- SUPPLIED RECORDS
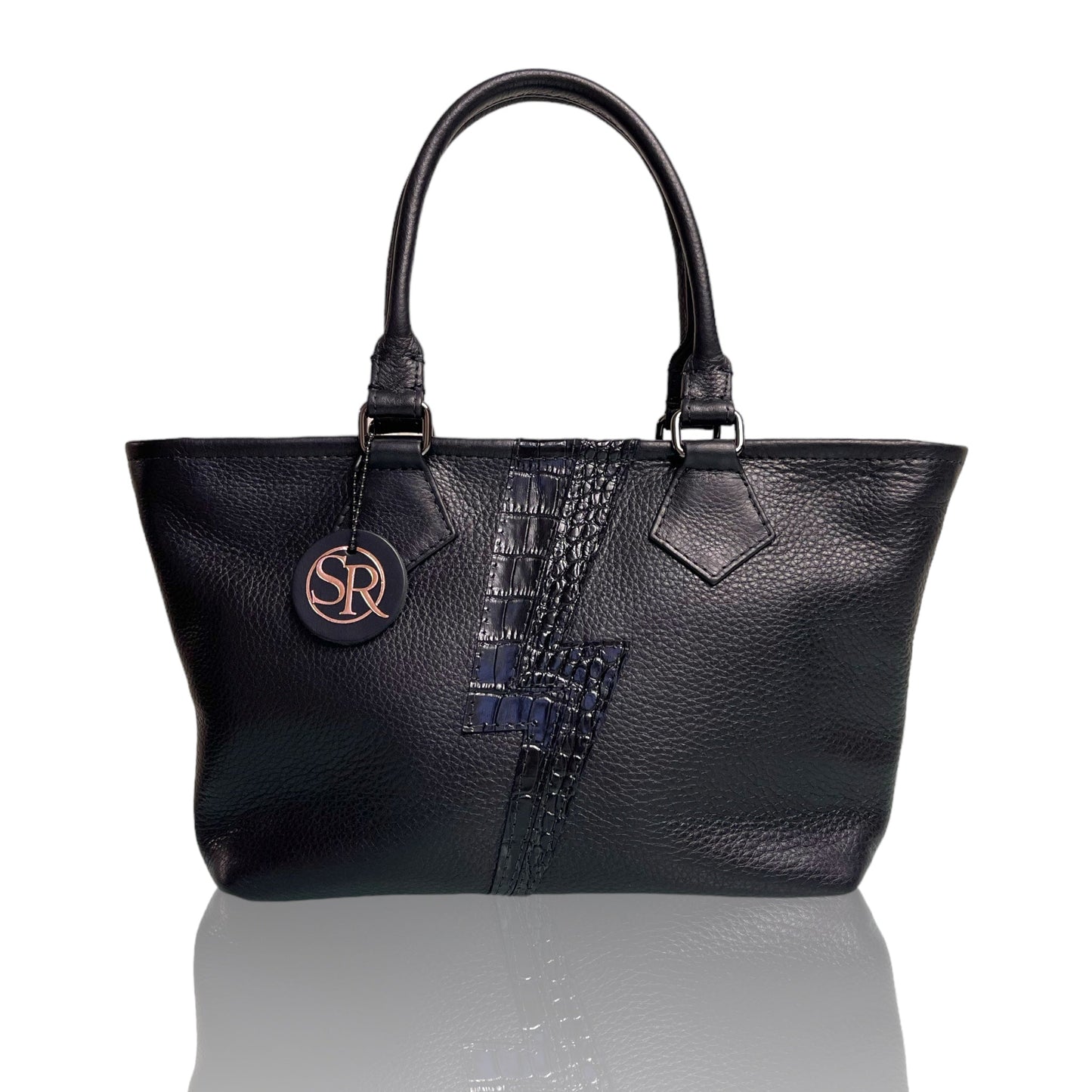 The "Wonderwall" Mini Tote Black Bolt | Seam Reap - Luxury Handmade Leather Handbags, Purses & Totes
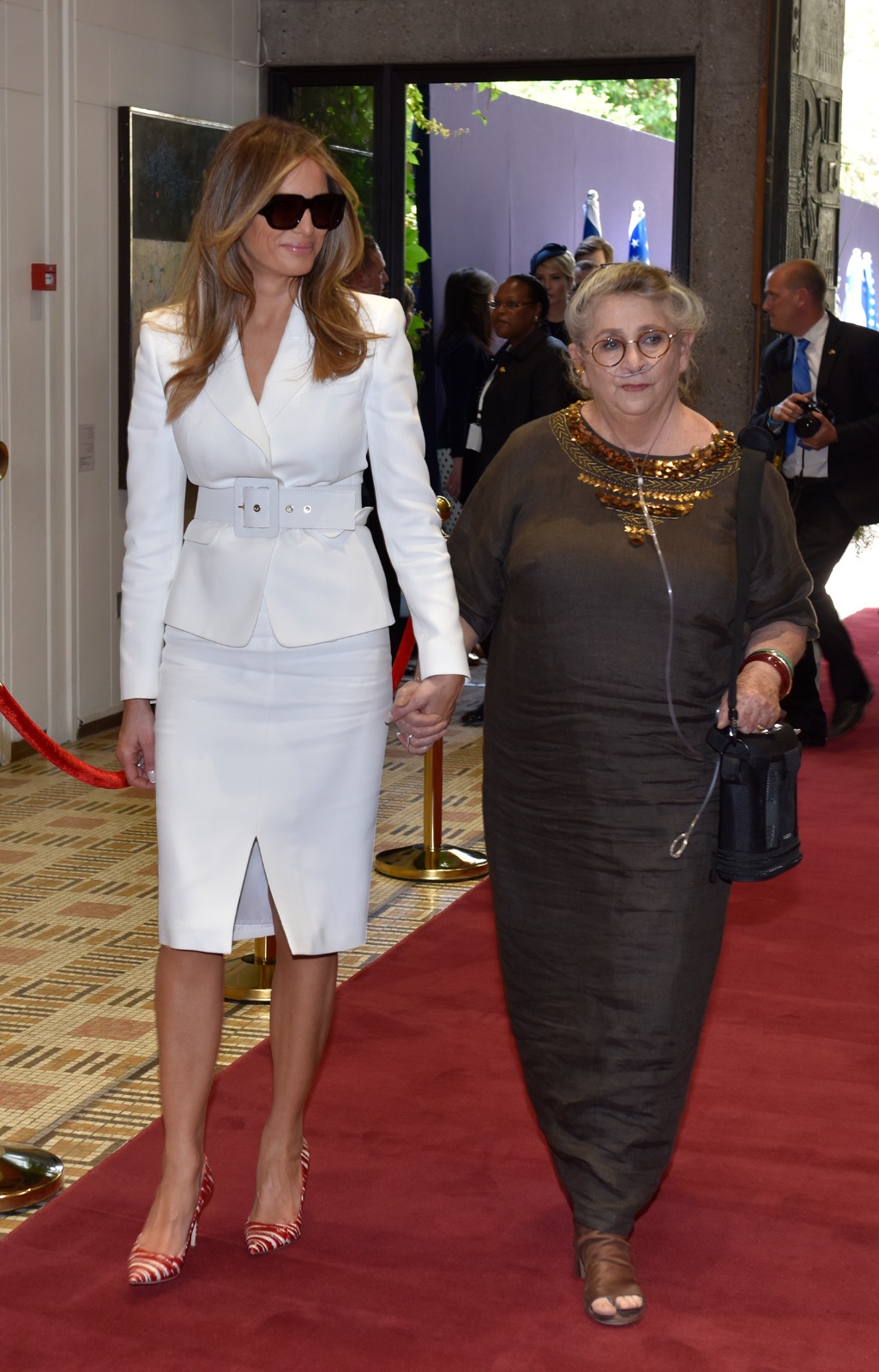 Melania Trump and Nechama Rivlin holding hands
--
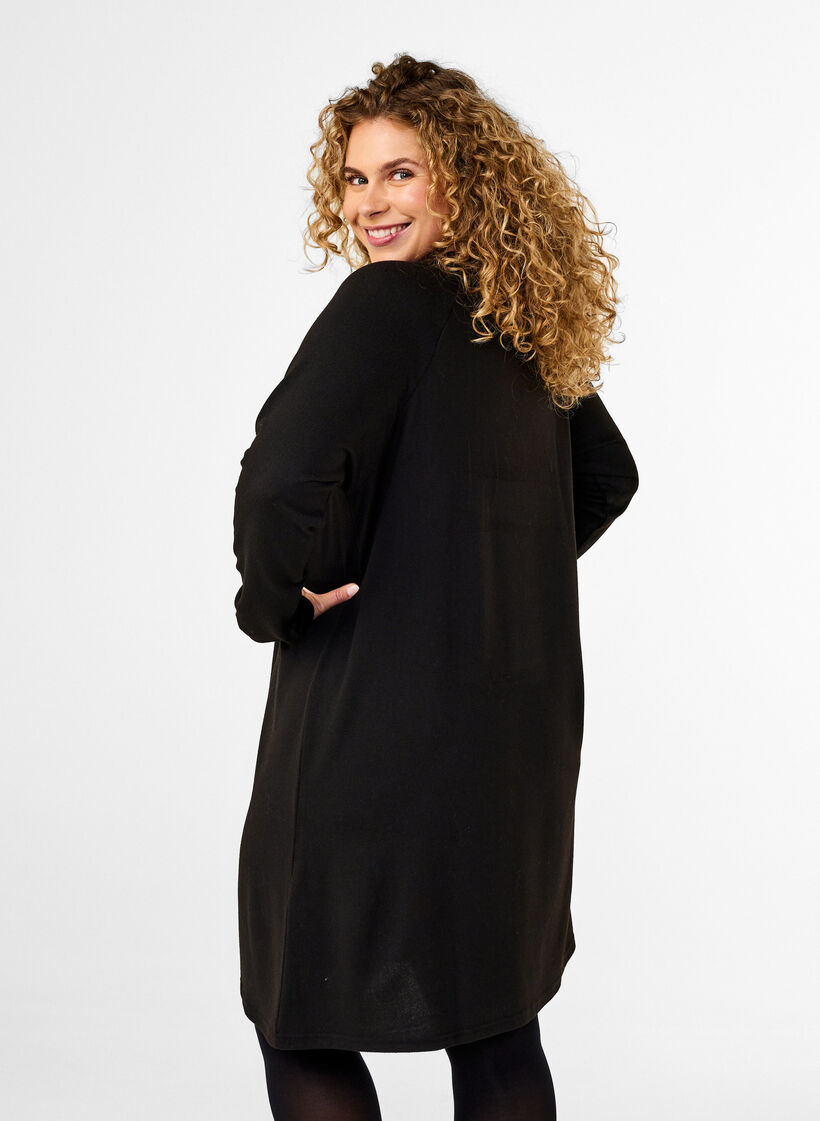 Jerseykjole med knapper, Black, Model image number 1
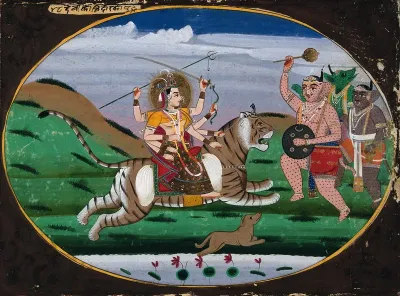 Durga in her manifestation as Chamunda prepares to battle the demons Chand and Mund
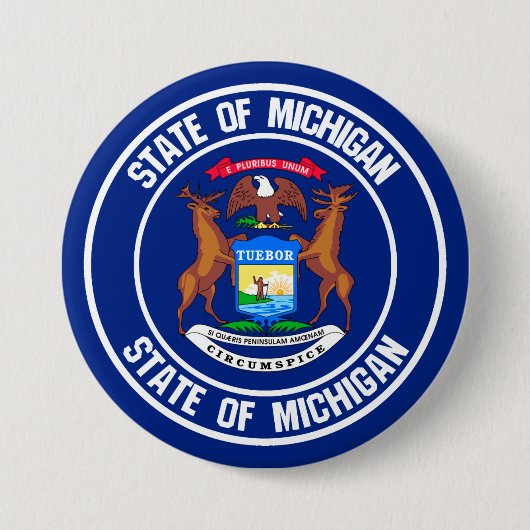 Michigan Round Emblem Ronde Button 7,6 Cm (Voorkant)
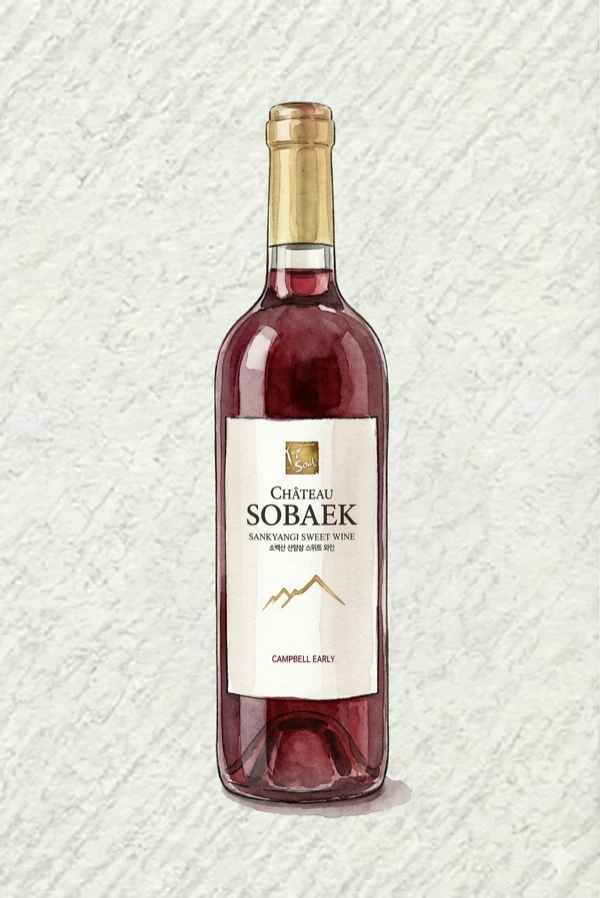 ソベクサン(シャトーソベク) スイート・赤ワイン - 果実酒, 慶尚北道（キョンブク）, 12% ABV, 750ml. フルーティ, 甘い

- EXERCISE BRIEF
From the data above, return only the lines starting at the line that holds "Durga in her" and ending at the line that holds "ソベクサン(シャトーソベク) スイート・赤ワイン - 果実酒, 慶尚北道（キョンブク）, 12%", word for word and without pictures.

- FINISHED EXERCISE
 Durga in her manifestation as Chamunda prepares to battle the demons Chand and Mund
 Michigan Round Emblem Ronde Button 7,6 Cm (Voorkant)
 ソベクサン(シャトーソベク) スイート・赤ワイン - 果実酒, 慶尚北道（キョンブク）, 12% ABV, 750ml. フルーティ, 甘い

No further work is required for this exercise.